We were recently asked what our definition of Zero Trust is. This should be on our website, so it is now at /zerotrust and as this blog post.
The term Zero Trust was originally coined by Jon Kindervag, then with Forrester, way back in 2009 but it has since come to mean many things to many people.
Procella looks at Zero Trust from many different lenses. It is a strategy but it’s also an architecture and even a philosophy. At its core, Zero Trust means not trusting any entity, at any time, from any place. There is no inside and no outside, the concept of a perimeter no longer exists. People, devices, and networks should constantly be reevaluated to ensure least privilege access to only the systems and data required to complete a job or task. A Zero Trust mindset leverages identity, access, micro segmentation and continuous authentication to contain inevitable breaches and to allow security teams to enable businesses while securing users, systems and data.

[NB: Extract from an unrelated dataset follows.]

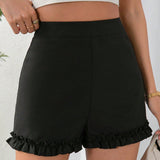 Essnce Shorts de talle alto bajo con fruncido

Zero Trust is also a journey, not an endgame. Businesses and technologies evolve and a company’s Zero Trust strategy must be nimble enough to continuously evolve without constantly requiring new goals or shifting priorities. This strategy should a an organizational guiding principle that all future technology investments are measured against and must adapt to, rather than an afterthought or an obstacle that new projects must be shoehorned into just to satisfy a mission statement or a set of MBOs.